Table of contents
- Use a tripod
- Experiment with depth of field
- Use a reflector to bounce light
- Use props when possible
- Style the food aesthetically
- Use a polarizer when photographing liquid
- Try out different lenses
- Use a diffuser or light box when using a flash
- Shoot in RAW
- Watch your composition
- Use natural light (unless you’re going for a high-contrast flash look)
- Include a human element
- Angles are everything
- Take photos of food while plates are full
- Practice, practice, practice
Are you looking for better ways to take photos of food so that not only the food looks awesome, but the photo does, too?
Food can tell a story, like what time of day it is, where you are or who you are with. Food can also portray a general mood or experience.
It seems we all want to use photos of food to remember food experiences. Here are the best tips for taking photos of food, whether you are a total beginner, or an expert looking for more inspiration.
Read on, to see the best ways to take photos of food, with a few hidden tricks in between.
Use a tripod
You will want to use a tripod if the location in which you are shooting doesn’t have a lot of light, or if your shutter is really slow.
You can also try using a tripod if you want to keep your camera in the same spot over the course of several photos. These are great use cases for why you’d want a tripod.
If you’re looking for a recommendation, you can’t go wrong with the Manfrotto Befree tripod or a much small table top tripod from Manfrotto. They are both affordable and will be more than enough to get you started with food photos.
A tripod will help to keep your camera in the same spot if you want consistent shots, or a consistent angle that you can use for your food setup.
If you’re shooting food for menu photos, for example, and you need consistent angles, use a tripod. This will also allow you to make an assembly line and be systematic with your time.
Once you have your settings dialed in and the lighting is set up how you want it, using a tripod will create consistency.
Experiment with depth of field
Depth of field is good if you are trying to really showcase one particular item of food.
If you’re trying to call attention to a particular item on the front of a plate, setting a shallow depth of field will create separation between the subject and the rest of the plate.
Be careful about using too shallow a depth of field: it could make your plate look confusing. It could potentially create some harm because you may not be showcasing the food as best as possible.
If you’re trying to showcase the entire plate, and you’re using too shallow of a depth of field, you may not get some of those items in focus. A tip is to have the aperture high, with F8 as a good place to start. This will either increase ISO, or, it will decrease your shutter speed.
This would be another great use for a tripod (see above!), because you can keep the aperture high, and ISO low.
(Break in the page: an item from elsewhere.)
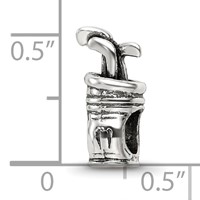 Sterling Silver Reflections Golf Bag Bead view 4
You won’t have to worry about blurry photos because your tripod will stabilize your camera.
Use a reflector to bounce light
A really good idea is to shoot in front of an open window for free natural light. You won’t risk getting harsh light from overhead lights, which can usually make food look unappetizing.
You can use a reflector to leverage some of that light on the other side of your food. Experiment with different reflector colors to cast a warm, cool or neutral light onto the other side of a plate.
I like this option from Neewer! I’ve used it in the past and it works well. It’s a little tricky to figure out how to fold them. You’ll figure it out, but keep that in mind when you first get it!
Use props when possible
Props make food photography interesting because you can create a scene and personality with the food on a plate.
If you’re only showing a picture of food, it’s not very interesting, because the person looking at the food can’t picture themselves there with the scene you’re creating.
Picture a fancy restaurant (or recreating a fancy restaurant setting at home): you’ll want to add candles, an interesting menu, interesting silverware, a tablecloth and a napkin.
These elements should not overpower the food because the food is the star in the scene! These props act as supporting actors in the overall environment you’re creating for your food photography.
Style the food aesthetically
Take extra care to make sure that there are not drips or crumbs on the edges of the plates. If there’s any oil or splashes, wipe it up, to make sure the plate looks super clean and appetizing.
Be careful of taking photos of foods that oxidize quickly. This creates a brown mess! Having an avocado that sits out for more than an hour will cause it to be browning, and the same goes for an apple.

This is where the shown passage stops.